Директор кричал, бил кулаком по столу.
— Это Картавин верховодит! Его надо выгнать из школы! — кричал он.
Я испугался в тот момент не на шутку. Мы покаялись, и нас простили.
Но чувство провинности осталось в душе каждого. Я махнул было на себя: нет, не быть мне серьёзным человеком! Таким, например, как Виктор Рогов, прошлогодний семиклассник, секретарь комсомольской организации. Он запросто ходил в канцелярию, спокойно разговаривал с самим директором, спорил с ним, доказывая что-то. Я наблюдал за Роговым, следил за ним. Увижу где-нибудь на улице, остановлюсь и смотрю на него. Уж так он нравился мне манерой держать себя, разговаривать.

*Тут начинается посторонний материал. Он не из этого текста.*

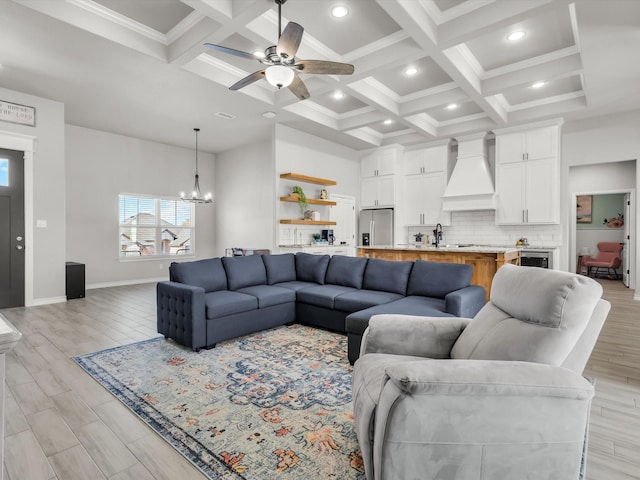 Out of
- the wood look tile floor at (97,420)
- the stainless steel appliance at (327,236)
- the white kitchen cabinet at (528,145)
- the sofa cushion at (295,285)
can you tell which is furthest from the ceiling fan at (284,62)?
the white kitchen cabinet at (528,145)

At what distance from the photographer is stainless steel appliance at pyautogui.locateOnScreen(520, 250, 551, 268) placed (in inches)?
234

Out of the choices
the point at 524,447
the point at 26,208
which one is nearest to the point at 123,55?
the point at 26,208

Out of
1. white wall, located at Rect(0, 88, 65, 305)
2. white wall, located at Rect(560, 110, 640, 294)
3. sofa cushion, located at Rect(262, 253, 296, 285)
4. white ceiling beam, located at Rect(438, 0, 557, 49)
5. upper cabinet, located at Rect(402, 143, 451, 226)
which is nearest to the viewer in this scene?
white ceiling beam, located at Rect(438, 0, 557, 49)

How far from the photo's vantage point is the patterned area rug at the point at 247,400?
1.74 m

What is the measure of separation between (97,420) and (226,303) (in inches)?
58.1

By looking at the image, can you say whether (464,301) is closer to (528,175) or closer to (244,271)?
(244,271)

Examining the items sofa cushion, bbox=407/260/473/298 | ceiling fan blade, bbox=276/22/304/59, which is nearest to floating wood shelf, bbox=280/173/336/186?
sofa cushion, bbox=407/260/473/298

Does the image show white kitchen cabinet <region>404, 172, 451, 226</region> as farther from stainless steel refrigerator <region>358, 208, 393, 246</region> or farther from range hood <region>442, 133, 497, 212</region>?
stainless steel refrigerator <region>358, 208, 393, 246</region>

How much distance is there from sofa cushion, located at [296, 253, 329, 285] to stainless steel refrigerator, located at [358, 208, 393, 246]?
3399 mm

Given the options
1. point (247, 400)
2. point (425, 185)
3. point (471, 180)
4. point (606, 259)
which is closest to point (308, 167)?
point (425, 185)

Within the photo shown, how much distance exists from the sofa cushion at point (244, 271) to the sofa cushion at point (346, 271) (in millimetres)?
871

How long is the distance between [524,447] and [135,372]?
2738mm

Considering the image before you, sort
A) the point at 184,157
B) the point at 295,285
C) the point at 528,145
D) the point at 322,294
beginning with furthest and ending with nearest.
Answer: the point at 184,157, the point at 528,145, the point at 295,285, the point at 322,294

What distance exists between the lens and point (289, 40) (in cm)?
275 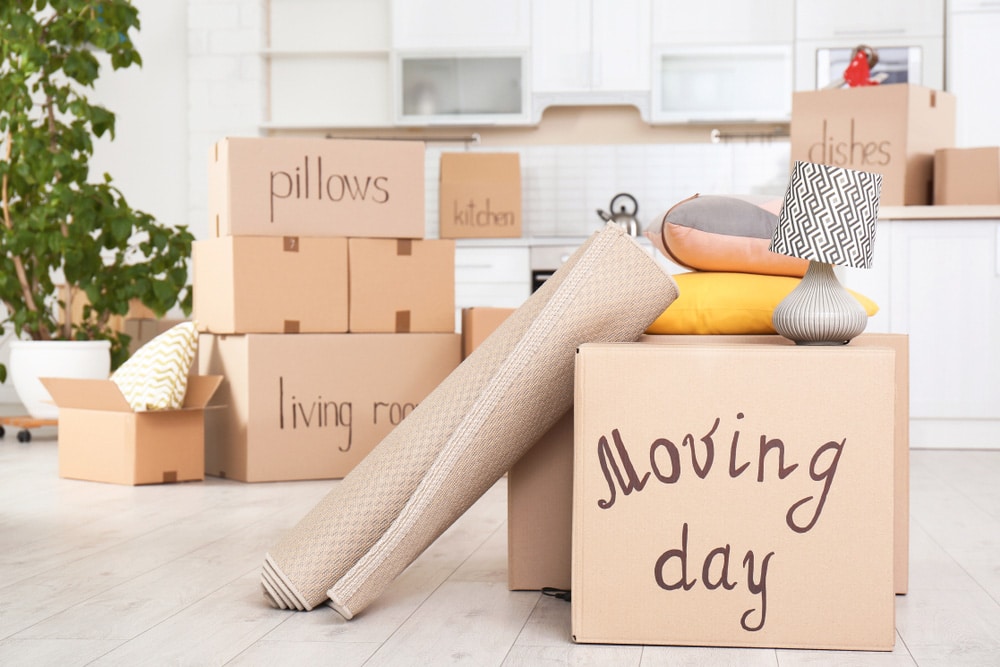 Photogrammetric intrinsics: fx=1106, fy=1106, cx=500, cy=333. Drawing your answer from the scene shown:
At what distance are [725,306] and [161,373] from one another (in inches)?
64.6

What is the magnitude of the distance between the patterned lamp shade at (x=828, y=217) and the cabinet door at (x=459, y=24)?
150 inches

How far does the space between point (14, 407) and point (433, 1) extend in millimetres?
2705

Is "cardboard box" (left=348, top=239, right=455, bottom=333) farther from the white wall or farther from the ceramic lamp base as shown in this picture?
the white wall

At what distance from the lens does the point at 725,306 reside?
1712 mm

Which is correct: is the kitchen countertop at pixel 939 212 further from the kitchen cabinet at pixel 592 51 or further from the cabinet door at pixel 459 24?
the cabinet door at pixel 459 24

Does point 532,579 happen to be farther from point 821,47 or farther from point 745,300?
point 821,47

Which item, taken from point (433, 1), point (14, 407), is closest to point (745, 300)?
point (433, 1)

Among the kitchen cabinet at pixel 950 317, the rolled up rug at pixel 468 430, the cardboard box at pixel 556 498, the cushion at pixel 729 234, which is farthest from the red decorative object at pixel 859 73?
the rolled up rug at pixel 468 430

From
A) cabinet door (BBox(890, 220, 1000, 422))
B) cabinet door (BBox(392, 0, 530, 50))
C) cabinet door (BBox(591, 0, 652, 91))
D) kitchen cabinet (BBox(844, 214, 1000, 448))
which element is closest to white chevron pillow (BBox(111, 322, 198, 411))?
kitchen cabinet (BBox(844, 214, 1000, 448))

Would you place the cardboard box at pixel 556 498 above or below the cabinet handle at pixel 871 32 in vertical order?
below

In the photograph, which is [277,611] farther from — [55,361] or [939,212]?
[939,212]

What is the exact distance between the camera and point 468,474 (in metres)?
1.56

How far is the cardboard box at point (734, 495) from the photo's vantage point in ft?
4.63

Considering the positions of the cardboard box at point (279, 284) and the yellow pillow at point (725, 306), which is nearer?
the yellow pillow at point (725, 306) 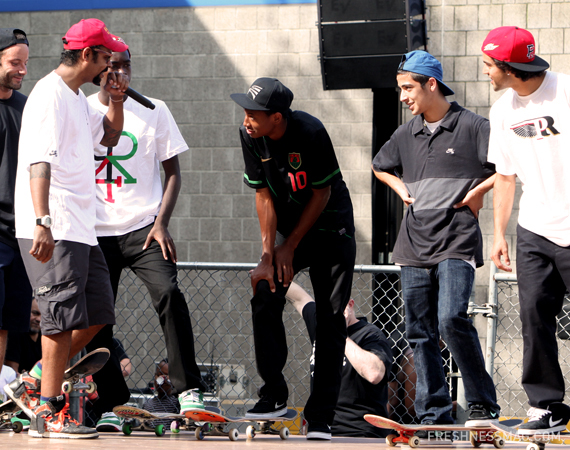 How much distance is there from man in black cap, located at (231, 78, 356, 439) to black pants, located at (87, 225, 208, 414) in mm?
385

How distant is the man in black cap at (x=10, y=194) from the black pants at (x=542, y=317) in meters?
2.55

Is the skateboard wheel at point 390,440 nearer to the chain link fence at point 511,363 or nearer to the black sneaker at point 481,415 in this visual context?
the black sneaker at point 481,415

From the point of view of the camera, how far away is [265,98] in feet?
11.9

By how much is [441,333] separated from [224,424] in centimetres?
126

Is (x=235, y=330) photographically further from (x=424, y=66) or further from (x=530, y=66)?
(x=530, y=66)

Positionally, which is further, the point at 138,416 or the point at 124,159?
the point at 124,159

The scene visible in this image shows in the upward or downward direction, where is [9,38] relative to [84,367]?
upward

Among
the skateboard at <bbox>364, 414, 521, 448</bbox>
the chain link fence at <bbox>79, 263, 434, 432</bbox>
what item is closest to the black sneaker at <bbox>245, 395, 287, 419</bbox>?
the skateboard at <bbox>364, 414, 521, 448</bbox>

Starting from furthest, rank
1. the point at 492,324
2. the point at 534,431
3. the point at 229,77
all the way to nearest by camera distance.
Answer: the point at 229,77, the point at 492,324, the point at 534,431

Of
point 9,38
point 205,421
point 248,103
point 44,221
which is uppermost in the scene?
point 9,38

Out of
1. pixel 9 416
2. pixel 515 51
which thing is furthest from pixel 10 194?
pixel 515 51

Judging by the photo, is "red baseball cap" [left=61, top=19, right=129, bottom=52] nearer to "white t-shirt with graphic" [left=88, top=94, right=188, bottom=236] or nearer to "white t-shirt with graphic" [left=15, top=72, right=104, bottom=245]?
"white t-shirt with graphic" [left=15, top=72, right=104, bottom=245]

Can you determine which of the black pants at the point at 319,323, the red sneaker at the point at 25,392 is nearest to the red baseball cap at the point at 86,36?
the black pants at the point at 319,323

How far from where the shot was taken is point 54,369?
3363mm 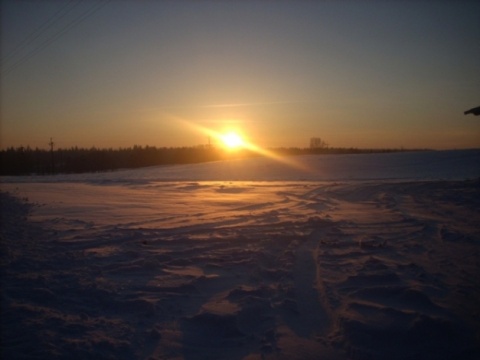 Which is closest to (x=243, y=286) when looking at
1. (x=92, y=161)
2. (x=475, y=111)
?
(x=475, y=111)

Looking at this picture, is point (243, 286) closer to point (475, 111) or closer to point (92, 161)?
point (475, 111)

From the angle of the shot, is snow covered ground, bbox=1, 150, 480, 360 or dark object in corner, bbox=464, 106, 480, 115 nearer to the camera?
snow covered ground, bbox=1, 150, 480, 360

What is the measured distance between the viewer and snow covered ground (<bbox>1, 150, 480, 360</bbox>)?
12.5 ft

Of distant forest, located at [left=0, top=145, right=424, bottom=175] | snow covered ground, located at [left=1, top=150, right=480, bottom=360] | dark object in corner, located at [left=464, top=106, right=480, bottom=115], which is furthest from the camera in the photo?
distant forest, located at [left=0, top=145, right=424, bottom=175]

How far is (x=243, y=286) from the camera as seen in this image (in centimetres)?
532

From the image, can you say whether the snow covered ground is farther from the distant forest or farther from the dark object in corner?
the distant forest

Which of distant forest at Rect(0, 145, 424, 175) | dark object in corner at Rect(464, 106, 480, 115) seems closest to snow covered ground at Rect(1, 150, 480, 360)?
dark object in corner at Rect(464, 106, 480, 115)

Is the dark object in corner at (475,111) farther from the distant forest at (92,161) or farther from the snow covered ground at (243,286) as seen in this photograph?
the distant forest at (92,161)

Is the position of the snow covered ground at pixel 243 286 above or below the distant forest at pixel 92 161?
below

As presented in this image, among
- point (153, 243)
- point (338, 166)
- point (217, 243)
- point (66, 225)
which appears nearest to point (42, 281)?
point (153, 243)

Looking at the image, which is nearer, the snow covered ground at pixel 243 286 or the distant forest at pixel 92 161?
the snow covered ground at pixel 243 286

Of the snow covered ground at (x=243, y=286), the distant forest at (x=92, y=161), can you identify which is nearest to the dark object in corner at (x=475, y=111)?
the snow covered ground at (x=243, y=286)

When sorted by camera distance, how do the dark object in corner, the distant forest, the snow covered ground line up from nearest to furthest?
the snow covered ground, the dark object in corner, the distant forest

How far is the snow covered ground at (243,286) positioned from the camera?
381 cm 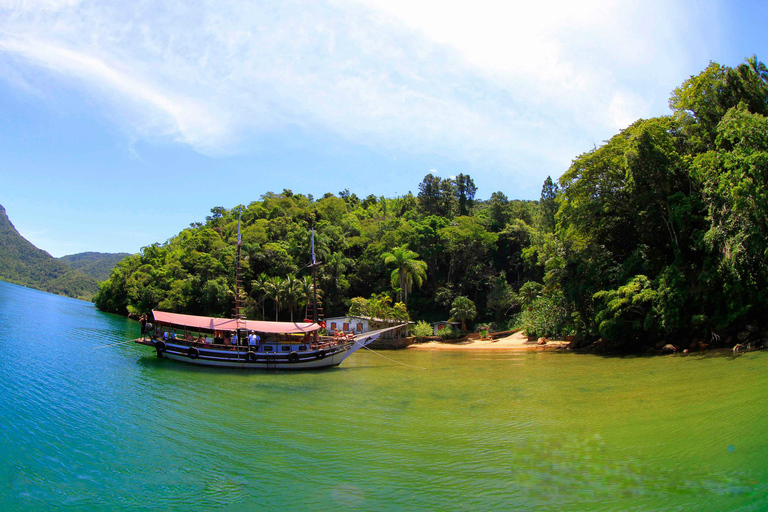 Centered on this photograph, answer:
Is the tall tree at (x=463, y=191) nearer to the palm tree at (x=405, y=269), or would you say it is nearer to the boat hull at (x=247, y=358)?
the palm tree at (x=405, y=269)

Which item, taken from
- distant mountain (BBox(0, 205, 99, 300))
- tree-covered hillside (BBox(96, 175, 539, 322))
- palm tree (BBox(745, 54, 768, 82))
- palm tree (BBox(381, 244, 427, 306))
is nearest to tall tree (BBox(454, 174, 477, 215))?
tree-covered hillside (BBox(96, 175, 539, 322))

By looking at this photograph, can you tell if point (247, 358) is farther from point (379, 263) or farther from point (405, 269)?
point (379, 263)

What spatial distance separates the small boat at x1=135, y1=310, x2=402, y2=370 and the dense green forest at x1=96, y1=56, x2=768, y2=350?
17.3m

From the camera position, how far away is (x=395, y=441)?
11961 mm

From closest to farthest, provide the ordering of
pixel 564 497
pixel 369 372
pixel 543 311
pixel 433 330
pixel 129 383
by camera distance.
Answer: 1. pixel 564 497
2. pixel 129 383
3. pixel 369 372
4. pixel 543 311
5. pixel 433 330

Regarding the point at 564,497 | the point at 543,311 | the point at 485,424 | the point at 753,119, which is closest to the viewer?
the point at 564,497

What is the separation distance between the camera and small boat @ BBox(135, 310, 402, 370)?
26.2 meters

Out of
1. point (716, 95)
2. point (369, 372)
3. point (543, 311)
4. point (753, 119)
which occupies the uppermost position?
point (716, 95)

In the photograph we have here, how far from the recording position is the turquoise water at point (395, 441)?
875cm

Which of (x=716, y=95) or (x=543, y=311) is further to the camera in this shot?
(x=543, y=311)

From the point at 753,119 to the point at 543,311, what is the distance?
64.2 ft

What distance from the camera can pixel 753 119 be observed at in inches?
885

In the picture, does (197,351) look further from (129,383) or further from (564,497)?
(564,497)

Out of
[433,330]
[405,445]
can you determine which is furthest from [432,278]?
[405,445] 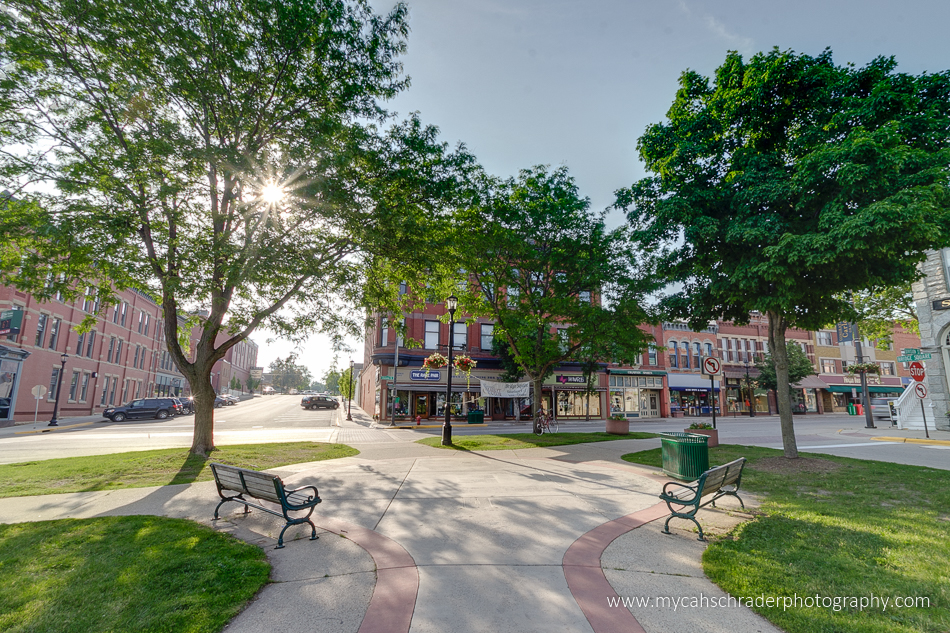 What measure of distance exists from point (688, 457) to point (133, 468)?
44.0 ft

Лицо Рогова было всегда спокойно. Желтоватые волосы гладко зачёсаны назад. Остановит в коридоре расшалившегося младшеклассника, повернёт голову чуть набок, покачивая указательным пальцем, прочитает ровным голосом наставление. Точно он учитель, а не ученик. Мне хотелось знать, как он ведёт себя в классе. Подойду к дверям их класса на перемене. Стану у стенки. Смотрю. Он читает что-нибудь. Либо разговаривает с товарищами. Почти не смеётся, изредка улыбается одними губами. Я даже знал, что он дружит с ученицей из своего класса. Она тоже была спокойная, полная такая. Никогда не бегала по коридору. Не стесняясь учителей, Виктор и эта ученица — её звали Олькой Шакли-ной — ходили вдвоём по коридору, чуть ли не под ручку. И после занятий отправлялись домой вместе.
И другие прошлогодние семиклассники были не такими, как мы. Гораздо серьёзней. Среди них были комсомольцы. Теперь в школе нет ни одного комсомольца. Мы не такие, как они. Лидочка Сивотина, например, круглая отличница. Отвечает уроки без единой заминки. Красивая, но удивительно смешливая. Состроишь ей рожу, прыскает со смеху. Плечи начинают мелко дрожать. Я не унимаюсь. Она не выдерживает, прыскает громче и трясётся вся.
— Сивотина, что вам так смешно? Расскажите всем, — сделает замечание учитель.
Она встанет. Закусив губу, вся красная, смотрит в стол. Прикрыв рот ладошкой, я гляжу на учителя. Тихонько ляпну какую-нибудь глупость. Лидочка опять трясётся от смеха.
— Сивотина, попейте холодной воды, — скажет учитель.
Она убежит, просмеется и возвращается. Мы с ней сидим за одним столом. Нас давно рассадили парами. Стол наш я разделил чертой на две половины, на две зоны. Её зона — американская, моя — русская. Следим, чтоб никто из нас локтем не пересёк границу. Едва прозвенит звонок и учитель уйдёт, Лидочка колотит меня.